मुंबई में महफूज महसूस करता हूं: अमिताभ

These are no doubt newspaper headlines. Full sentences would have “xud ko”.

मैं बुरा क्यों महसूस करता हूँ?

वह शीर्ष पर पहुंचकर बहुत अकेला महसूस कर रहे हैं

जयसूर्या ने कहा कि वे पाकिस्तान में सुरक्षित महसूस कर रहे हैं

In the above sentences there is enough context for “xud ko” to be left out.

इसलिए मैं इस शहर के लोगों के गुस्से व उनके दर्द को महसूस कर सकता हूं

This sentence need not have been included in your list because we have "logoN ke Ghusse aur un ke dard ko)

If you take out "xud ko" in your original sentence, there are at least 10 possibilities that can be applied to the sentence. 

aise meN donoN *---* shaayad maayuus aur akelaa mahsuus kareN

mujhe/hameN/tujhe/tumheN/aap ko/use/unheN/xud ko/kisii ko/sab ko

That's fine tonyspeed SaaHib, if you feel that in Hindi "kis ko" does not need to be answered.. You have asked a question and I have answered it to the best of my ability. Where did your original sentence come from? Was it from some Urdu source?


----------



## tonyspeed

QURESHPOR said:


> इसलिए मैं इस शहर के लोगों के गुस्से व उनके दर्द को महसूस कर सकता हूं
> 
> This sentence need not have been included in your list because we have "logoN ke Ghusse aur un ke dard ko)

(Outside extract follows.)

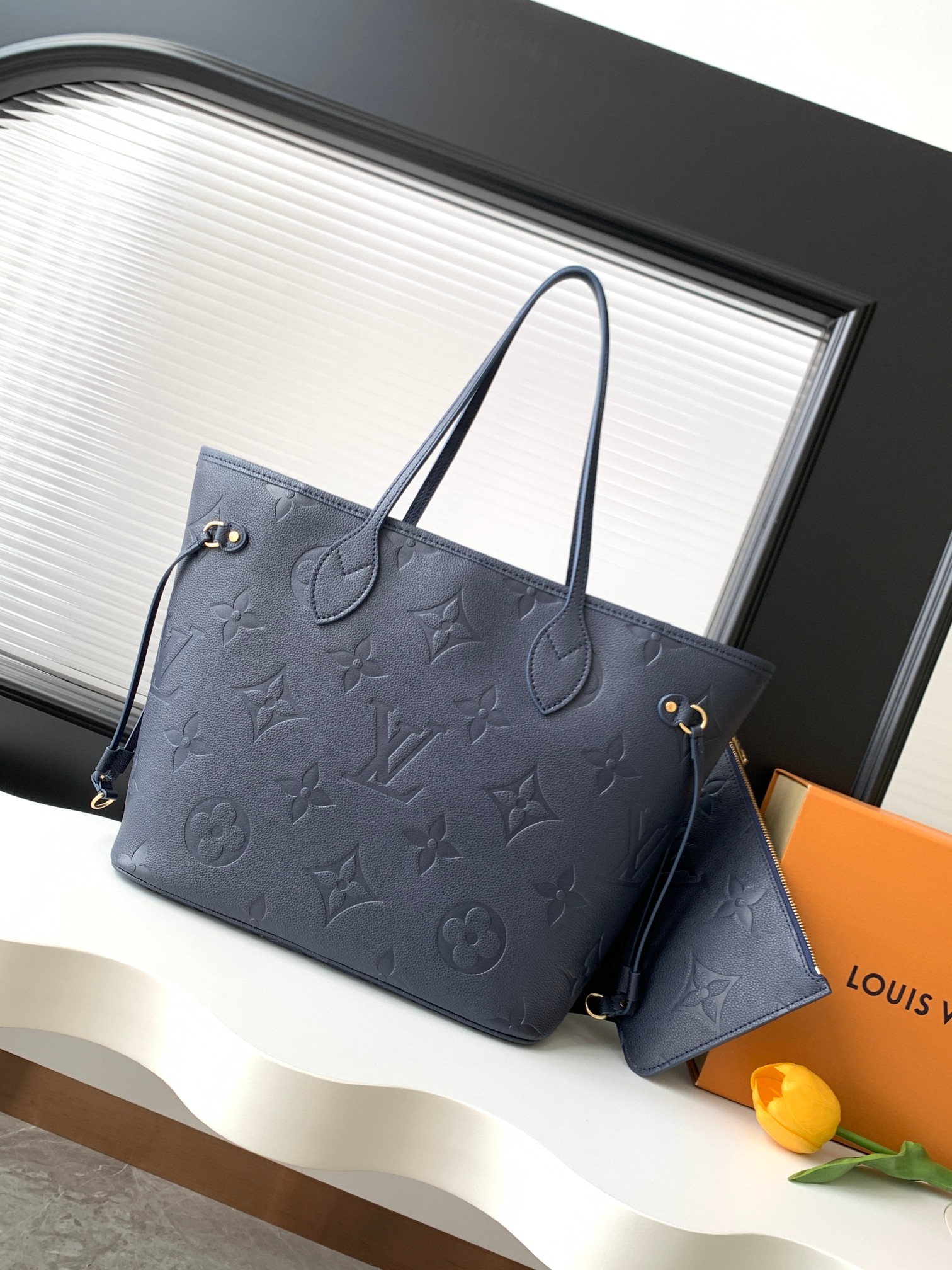 Louis Vuitton Neverfull MM Tote Bag with Detachable Zip Pouch - Image 3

Here they are feeling the anger and pain of others.

In the original sentence (aise meN donoN shaayad xud ko maayuus aur akelaa mahsuus kareN.) they are feeling lonely and disapppointed.

The difference I see between the two is that in one they are feeling a noun (anger and pain).
In the original sentence they are feeling adjectives (disapointed and lonely).

So is the key here that the object of mahsus karnaa has to be a noun? That would make a little bit more sense I guess.
I never thought about that aspect. 

So If I said "aise meN donoN shaayad *apni maayuusi aur akelaapan ko* mahsuus kareN." This would be correct without the use of khud ko.


So a more literal translation would be "Both are feelinging/perceiving themselves to be lonely and dissapointed." 

I beleive this is a substantial difference from English "to feel" because English "to feel" preferably operates on adjectives. i.e. "I feel angry." "I feel lonely." "I feel disappointed." but never "I feel loneliness", "I feel disappoinment" or "I feel anger" without the use of some additional participle like "I feel loneliness setting in" or "I feel anger ensuing".


----------



## greatbear

tonyspeed said:


> So If I said "aise meN donoN shaayad *apni maayuusi aur akelaapan ko* mahsuus kareN." This would be correct without the use of khud ko.



You don't even need "apnii" in the sentence above: it's understood that it's their own loneliness. If you want to specify someone else's, then you may need to include that person's pronoun. Similarly, in your original sentence, the sentence would mean the same even without "khud ko": of course, "khud ko" brings in extra precision, but many people omit it at many times (and include it other times).

Meanwhile, I and many others would say "akelepan" - though "akelaapan" is fine (and maybe recommended/correct?). Also, if I were to use "apnii", I would also use "apne" before "akelepan".


----------



## tonyspeed

greatbear said:


> You don't even need "apnii" in the sentence above: it's understood that it's their own loneliness. If you want to specify someone else's, then you may need to include that person's pronoun. Similarly, in your original sentence, the sentence would mean the same even without "khud ko": of course, "khud ko" brings in extra precision, but many people omit it at many times (and include it other times).
> 
> Meanwhile, I and many others would say "akelepan" - though "akelaapan" is fine (and maybe recommended/correct?). Also, if I were to use "apnii", I would also use "apne" before "akelepan".



bahut shukriya


----------